Mastering Exposure: Get Your Colours Right
Getting the exposure right
Light meter is a scale that you see in the view finder of your camera that ranges from -2..-1..0..1..2. Changing your shutter speed and aperture settings will have an impact on the exposure and the light meter will indicate the extent of the effect.
The intensity of light is measured in stops. When the light meter is at zero, that means the camera is reading the exact amount of available ambient light. Not a stop more or less.
When it’s at +1, it means you have increased the exposure by 1 stop. That means you are allowing double the amount of ambient light. At +2 you have increased the exposure by 2 stops and you are allowing 4 times the light.
When it’s at -1, you have decreased the exposure by 1 stop. That means you are allowing half the amount of light. At -2 you have decreased the exposure by 2 stops and you are allowing only a quarter of the light.
Remember that you are cutting light when you increase the shutter speed or reduce the aperture and you are letting in more light by decreasing the shutter speed or increasing the aperture size.

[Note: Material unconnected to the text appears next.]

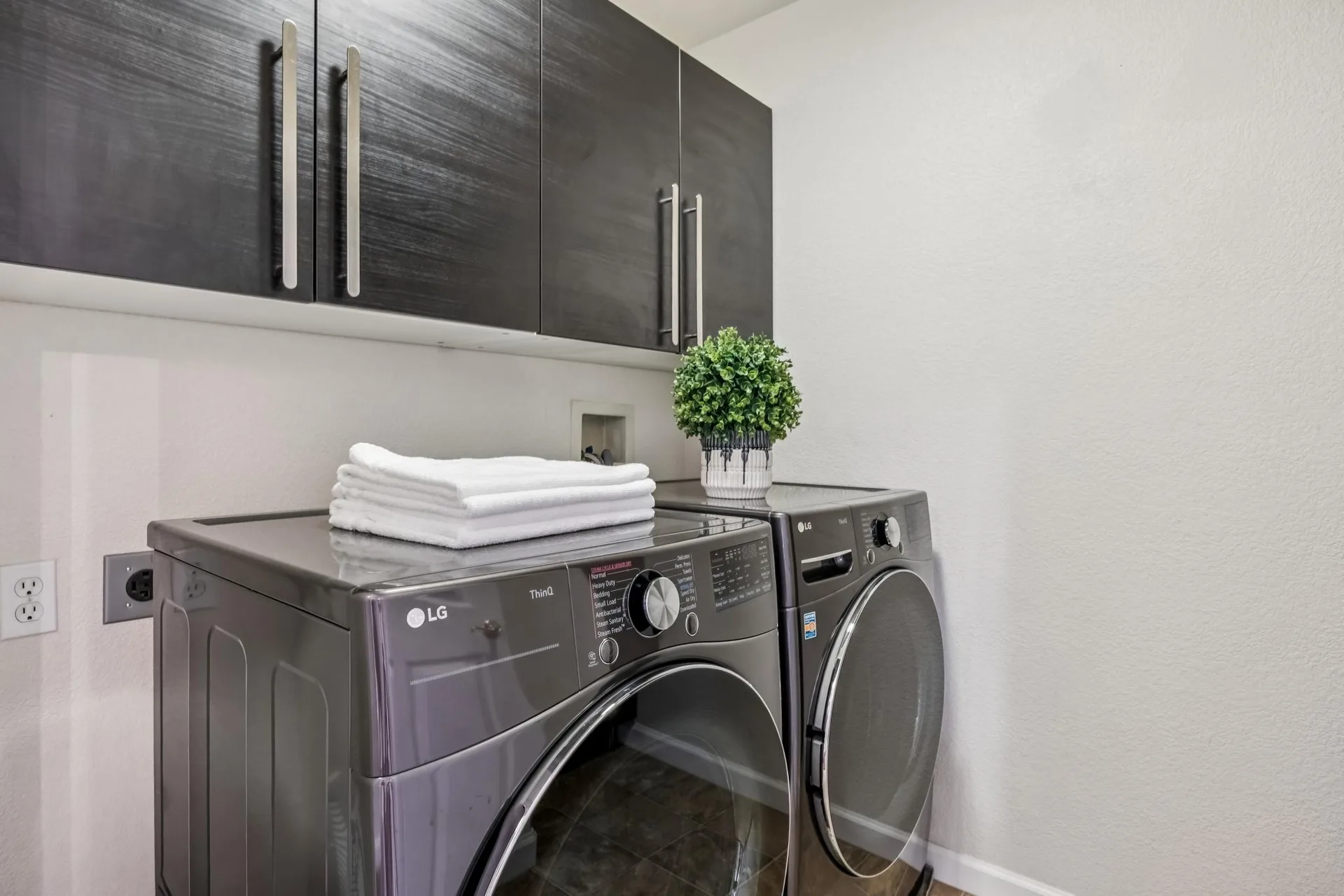 In-unit laundry with front-loading washer and dryer and upper cabinets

By increasing the aperture size, this makes the depth of field go shallow (background blur) and decreasing the aperture size makes the depth of field deeper (no blur, everything is in focus).
There is the third element, ISO. But this should be your last resort. Let’s say you are trying to freeze motion under low light and you want to do this while you have deep depth of field. So, you will be setting a high shutter speed and a small aperture size both of which will lead to cutting down the ambient light and the light meter will read somewhere between -2 and -1 or even below -2. In this case, you will need to increase the ISO to increase the light sensitivity of your camera sensor. However it’s important to remember that this will also add noise in the form of grain in your image.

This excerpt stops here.